→ Task requirements
Word for word, retype the lines from the one containing "来宾小程序制作流程（小程序制作流程图）" to the one containing "Outside temperature Minus 20" below, keeping both end lines and dropping the pictures.

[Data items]

◆ ◆ ◆ ◆ ◆

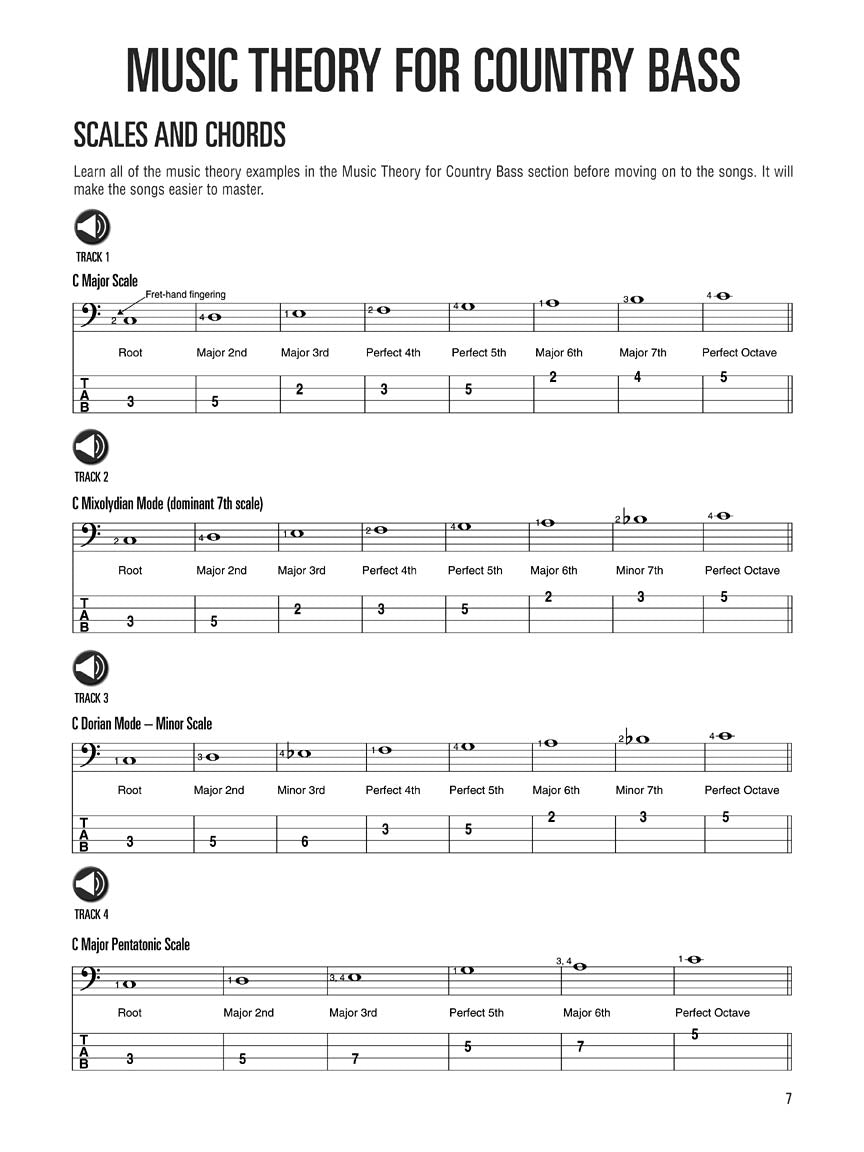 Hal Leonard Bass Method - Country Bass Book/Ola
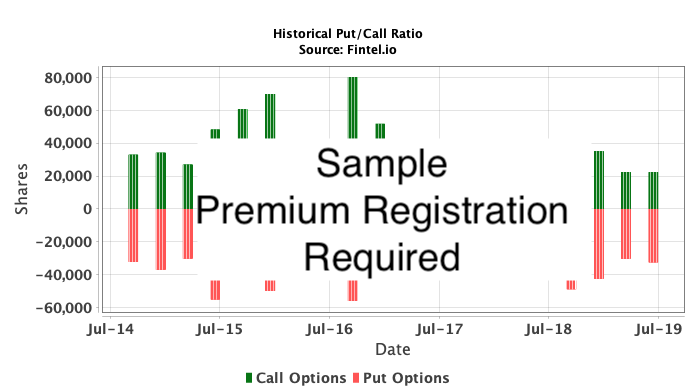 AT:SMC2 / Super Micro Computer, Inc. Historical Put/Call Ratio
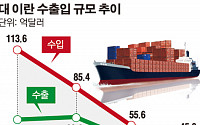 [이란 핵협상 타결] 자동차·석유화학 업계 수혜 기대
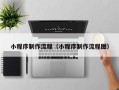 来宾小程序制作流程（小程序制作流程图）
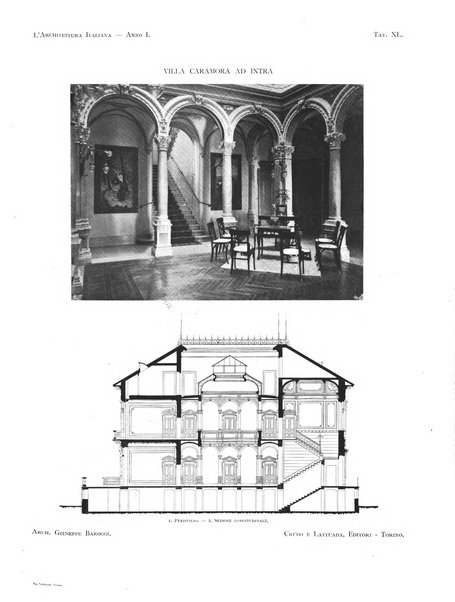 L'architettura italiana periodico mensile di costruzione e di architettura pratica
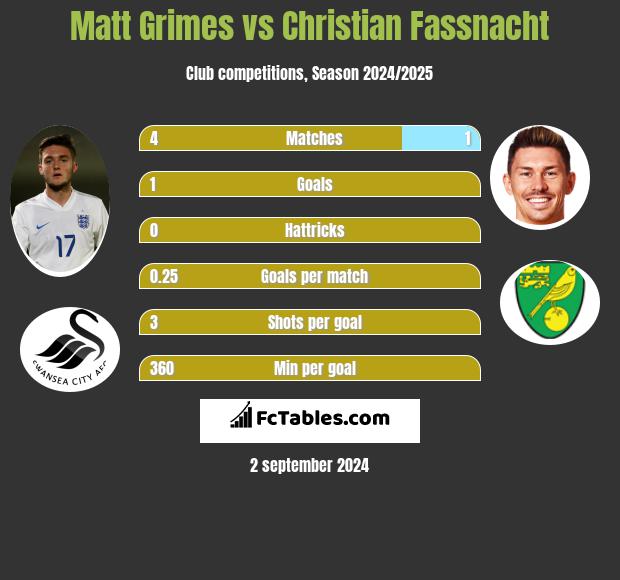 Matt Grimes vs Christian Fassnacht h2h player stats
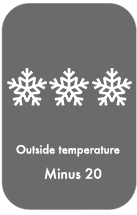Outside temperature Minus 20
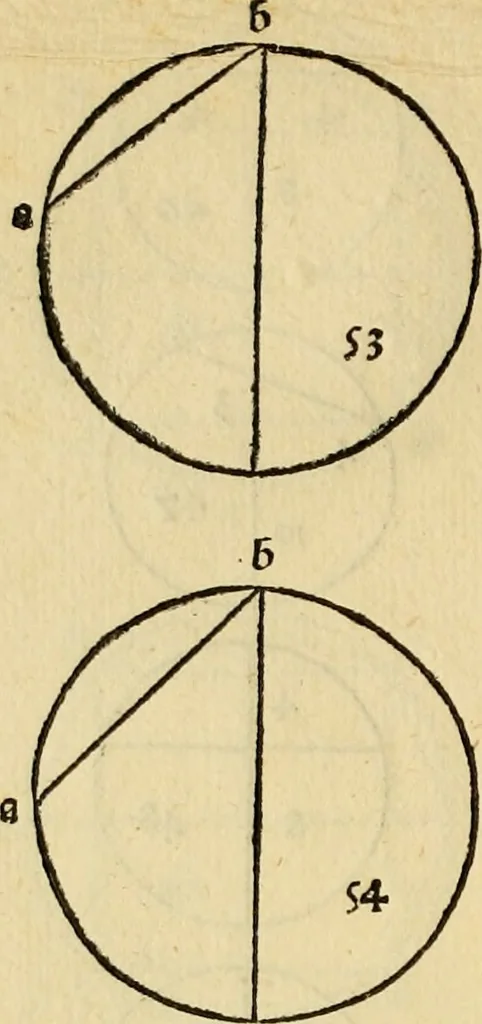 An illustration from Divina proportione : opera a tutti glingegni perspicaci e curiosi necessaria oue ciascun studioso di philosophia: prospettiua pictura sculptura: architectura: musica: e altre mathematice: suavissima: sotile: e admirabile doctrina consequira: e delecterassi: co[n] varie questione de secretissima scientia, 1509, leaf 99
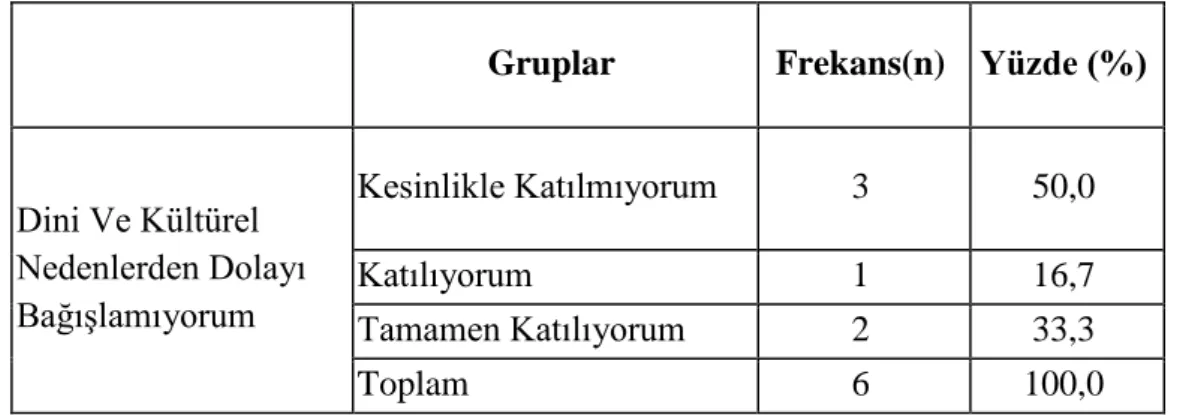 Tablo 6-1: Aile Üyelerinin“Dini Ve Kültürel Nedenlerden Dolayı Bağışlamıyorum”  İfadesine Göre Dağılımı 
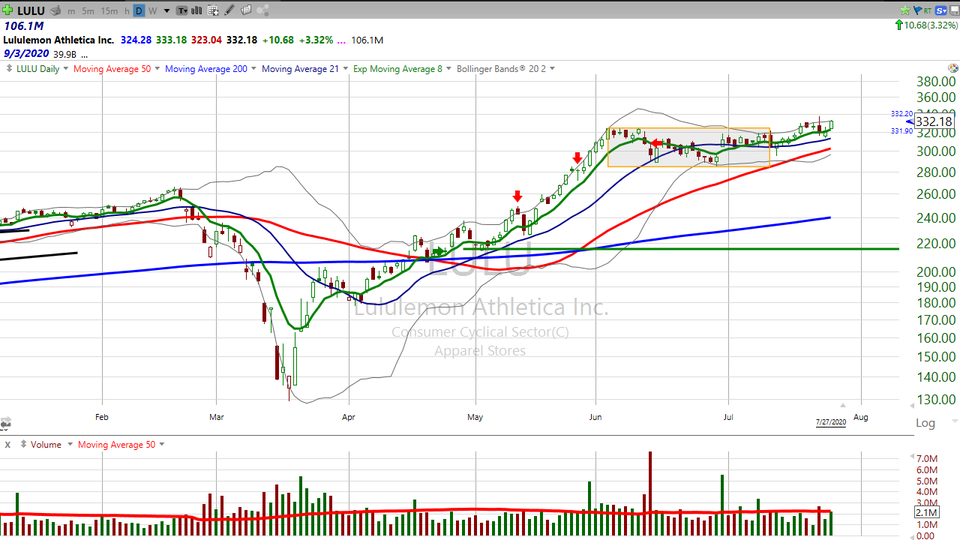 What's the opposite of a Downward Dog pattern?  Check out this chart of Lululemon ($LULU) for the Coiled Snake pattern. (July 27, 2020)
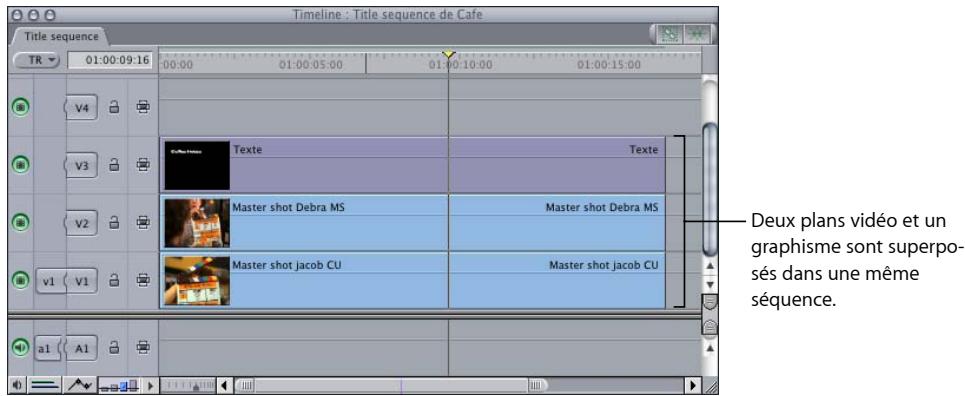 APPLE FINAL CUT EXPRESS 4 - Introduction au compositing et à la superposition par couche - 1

◆ ◆ ◆ ◆ ◆

→ Answer to this exercise
 来宾小程序制作流程（小程序制作流程图）
 L'architettura italiana periodico mensile di costruzione e di architettura pratica
 Matt Grimes vs Christian Fassnacht h2h player stats
Outside temperature Minus 20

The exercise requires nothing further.